> **ABOUT THIS TASK**: Every line of the listing must be reproduced as it stands. Leave the images behind.

> **RECORDED INFORMATION**:
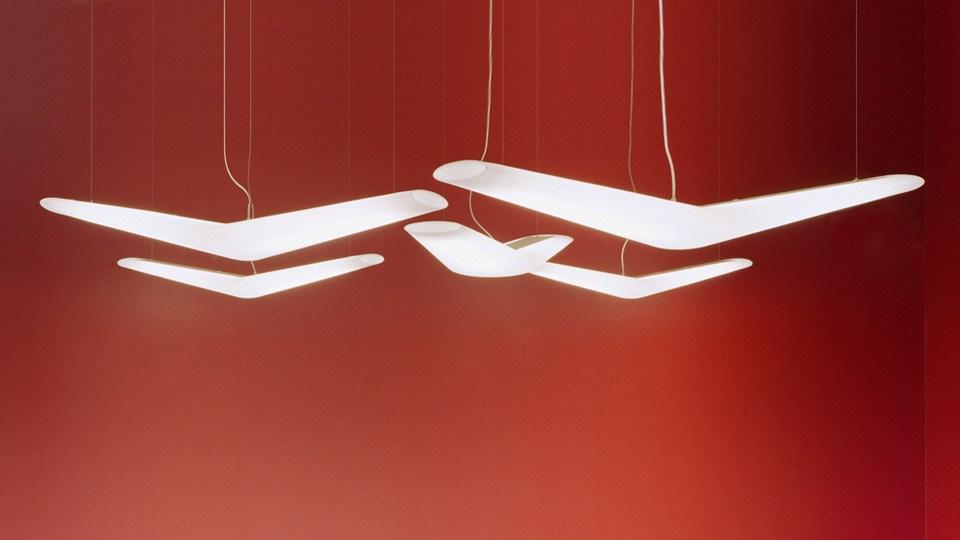 Direct light fluorescent pendant lamp | Mouette Symmetric by Artemide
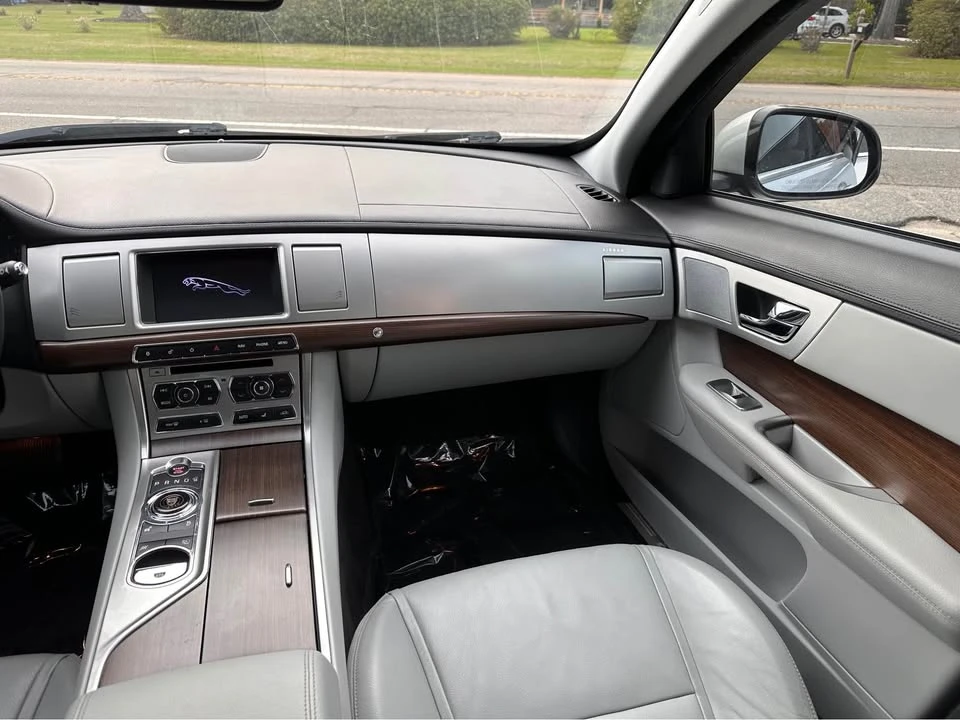 2012 Jaguar X250 XF - Image 16 of 19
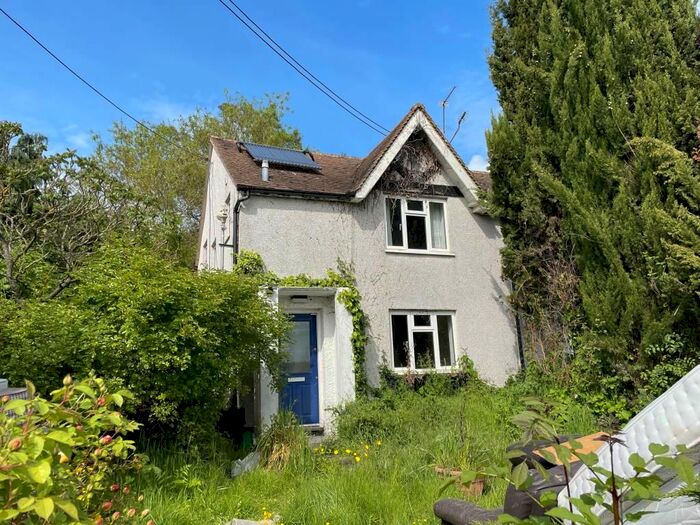3 Bedroom End Of Terrace House For Sale In Council Cottages, Redwall Lane, Hunton, Maidstone, Kent, ME15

> **REPLY TO THE TASK**:
 Direct light fluorescent pendant lamp | Mouette Symmetric by Artemide
 2012 Jaguar X250 XF - Image 16 of 19
3 Bedroom End Of Terrace House For Sale In Council Cottages, Redwall Lane, Hunton, Maidstone, Kent, ME15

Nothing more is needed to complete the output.